According to Tzeferacos, the training and mentoring of young researchers is central to the Flash Center mission. In its 24 years of existence, the Flash Center has educated more than 100 postdocs, graduate students, and undergraduates in numerical modeling and code development. “The center’s robust education program is key for replenishing the NNSA workforce and for transforming the academic HEDP field so that validated simulations to design, execute, and interpret experiments are the norm,” he said.
The NNSA, which funds and supports both the Flash Center and the LLE, also welcomed the recent move of the center. “FLASH is a critically important simulation tool for academic groups engaging with NNSA’s academic programs and performing HEDP research on NNSA facilities,” said Ann J. Satsangi, federal program manager at the NNSA Office of Experimental Sciences. “The Flash Center joining forces with LLE is a very positive development that promises to significantly contribute to advancing high-energy-density science and the NNSA mission.”
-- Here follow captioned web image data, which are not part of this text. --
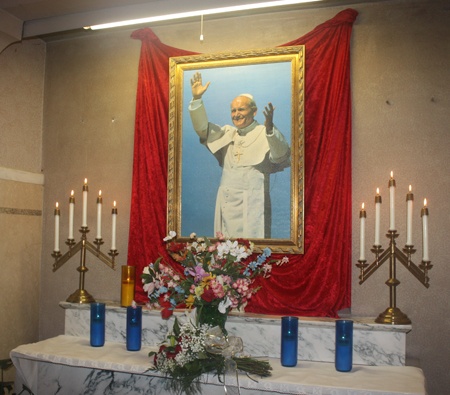 Flowers at photo of Pope John Paul II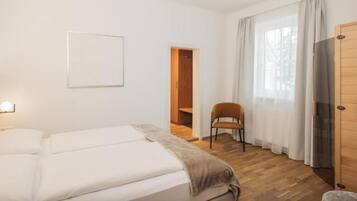 A bedroom with a bed, a chair, a wardrobe, and a door.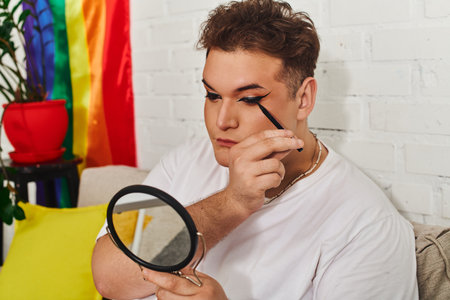 An expressive queer person enhances their look with makeup in a vibrant and welcoming room.の写真素材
Tzeferacos is enthusiastic about the future of the center at its new home. “The Flash Center is now presented with a unique opportunity,” Tzeferacos said. “We are working hand in hand with the LLE scientists who facilitated our laboratory astrophysics breakthroughs, we are collaborating with several faculty members in Rochester’s Physics and Astronomy, Mechanical Engineering, and Computer Science departments, and we can recruit talent from some of the best undergraduate and graduate students in the nation. I’m excited to be doing all of these things!”